- The Washington Times - Saturday, September 21, 2002

OKLAHOMA CITY Led by Oklahoma Gov. Frank Keating, the lay board monitoring how Roman Catholic bishops comply with their new sex-abuse policy showed critics and doubters this week it that plans to be much more than a token group.
The National Review Board met for just the second time but was already in a hurry to perform its duties.
It decided, for instance, that in a matter of weeks it will release the names of any U.S. bishops who aren't in compliance with the cleanup policy the nation's hierarchy passed in June.
The board wasn't required to do that for a year or more.
It also asked victims' organizations for their input on which bishops aren't living up to the abuse policy, which calls for any priest who molests minors to be removed from church work.
It dispatched an urgent request that leaders of men's religious orders change course and follow the bishops' plan.
And the board assigned battle-tested Washington lawyer Robert Bennett, one of its members, to head the investigation authorized by the bishops that will examine how the abuse crisis began.
"Time is of the essence here," Mr. Keating, the board chairman, said. His position is that the church has been severely damaged by the waves of scandals and that the board's repair work must begin immediately.
Mr. Keating said the other board members have taken a similar attitude and won't be deterred by critics, including a few bishops, who have questioned whether the governor and some of his colleagues are right for the job.
The board, he said, "became more determined and more steeled by the assault on its integrity."
The archdiocesan newspaper of Boston's Cardinal Bernard Law, who triggered the abuse crisis with his reassignment of a serial molester, was among those attacking Mr. Keating.
The paper chastised the governor after he said Catholics who lose confidence in their local bishop should attend Mass elsewhere and withhold contributions. Mr. Keating's own archbishop, Eusebius Beltran, accused him of telling Catholics "to commit a mortal sin" on the Mass issue. But Mr. Keating stuck to his opinions this week.
On a personal level, Mr. Keating said he has been stunned and infuriated by the scandal. He immediately said yes when, to his surprise, the president of the U.S. bishops' conference asked him to head the National Review Board.

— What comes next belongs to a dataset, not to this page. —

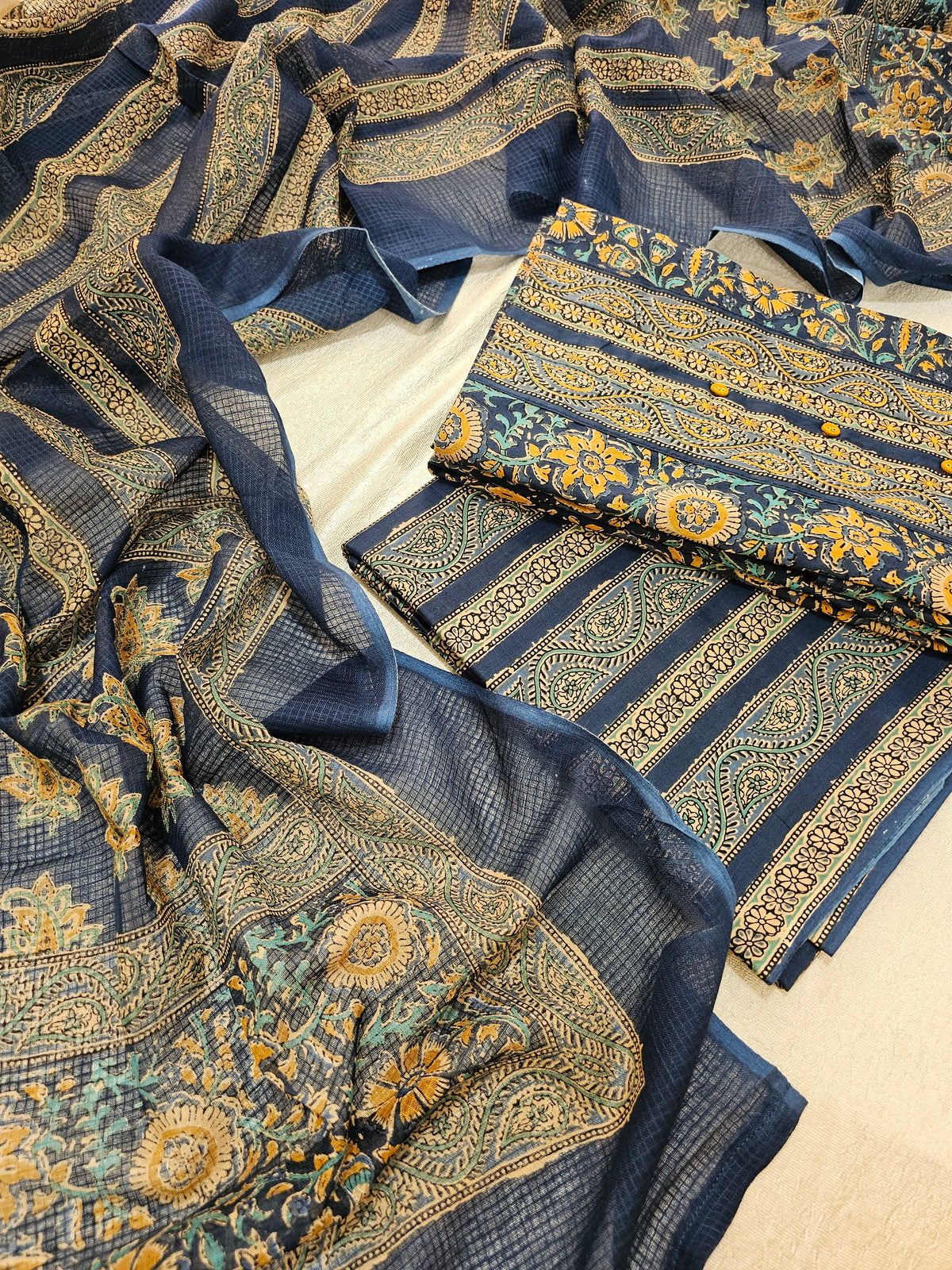 Pure Cotton Kalamkari Unstitched Salwar Suit - Blue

"I said, 'I love the church, and the devil's gotten in the door,'" Mr. Keating said.
But the plain-speaking former federal prosecutor also had one condition. He told Bishop Wilton Gregory, the conference president, that he wouldn't serve unless the prelates agreed to remove all past abusers from the active priesthood, as well as applying that strict policy in the future.
Mr. Keating said he didn't fly to the Dallas meeting, where the bishops approved the sex-abuse policy, until they had passed a plan to his liking.
Now he and the board are in the unprecedented position for lay Catholics of being able to judge the performance of bishops in an official capacity.
"The board members don't view themselves as co-prelates or super-Catholics," Mr. Keating said. "We want to do our business and go home."
Still, the job will take years, and Mr. Keating may emerge as one of the two most important lay Catholics among the more than 60 million American members of the church. The other could be the as-yet-unnamed director of the new Office for Child and Youth Protection on the bishops' national staff.
On Monday, the review board sent two lay Catholic nominees for director to the general secretary of the bishops' conference, who is expected to make the appointment within two weeks. The two names weren't revealed, but one has a law enforcement background and the other is an expert on the pathology of child abuse.
Mr. Keating and the director will work in tandem especially when the term-limited governor leaves office in January and becomes president of the American Council of Life Insurers in Washington, where the bishops' staff is located.
The importance of their job hit Mr. Keating in August on a trip to Ireland, where he met the two persons leading the abuse investigations there. They told him the church is losing a generation of young people as a result of the scandals.
The governor believes he and his colleagues can help restore the church's credibility.
"That is the reason why this lay role is so important," he said, "and that it must succeed."